EXERCISE BRIEF
Word for word, give the records again, dropping any picture they hold.

RECORD EXCERPTS
***
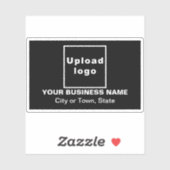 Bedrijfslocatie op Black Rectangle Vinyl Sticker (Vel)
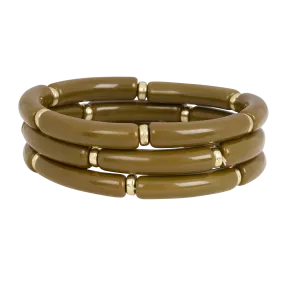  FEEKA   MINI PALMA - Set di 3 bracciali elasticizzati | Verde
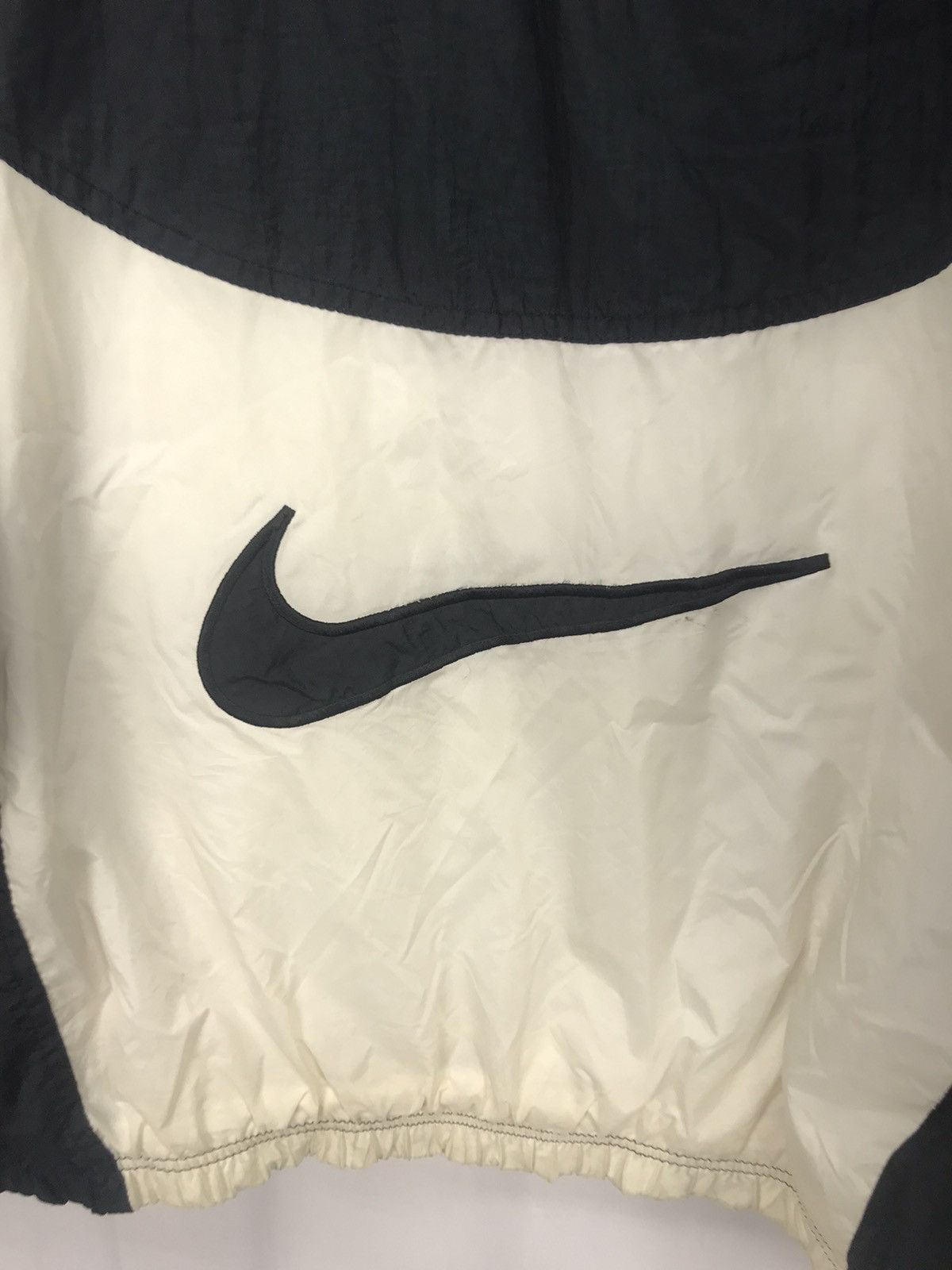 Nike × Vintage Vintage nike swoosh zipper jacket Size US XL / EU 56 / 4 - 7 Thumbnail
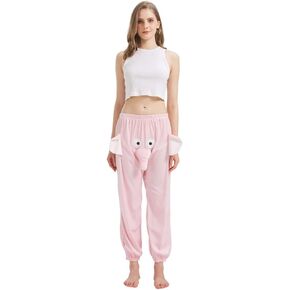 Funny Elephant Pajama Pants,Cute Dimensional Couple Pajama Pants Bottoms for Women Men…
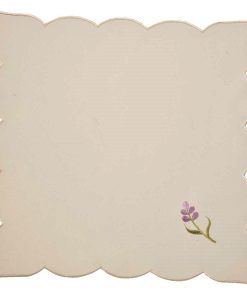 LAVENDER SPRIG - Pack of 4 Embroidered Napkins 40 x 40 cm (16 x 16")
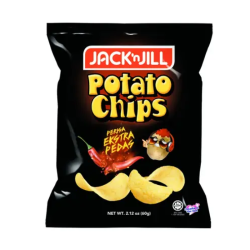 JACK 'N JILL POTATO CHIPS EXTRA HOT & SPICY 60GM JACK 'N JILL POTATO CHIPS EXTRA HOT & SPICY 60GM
***
RESPONSE
 Bedrijfslocatie op Black Rectangle Vinyl Sticker (Vel)
  FEEKA   MINI PALMA - Set di 3 bracciali elasticizzati | Verde
 Nike × Vintage Vintage nike swoosh zipper jacket Size US XL / EU 56 / 4 - 7 Thumbnail
 Funny Elephant Pajama Pants,Cute Dimensional Couple Pajama Pants Bottoms for Women Men…
 LAVENDER SPRIG - Pack of 4 Embroidered Napkins 40 x 40 cm (16 x 16")
 JACK 'N JILL POTATO CHIPS EXTRA HOT & SPICY 60GM JACK 'N JILL POTATO CHIPS EXTRA HOT & SPICY 60GM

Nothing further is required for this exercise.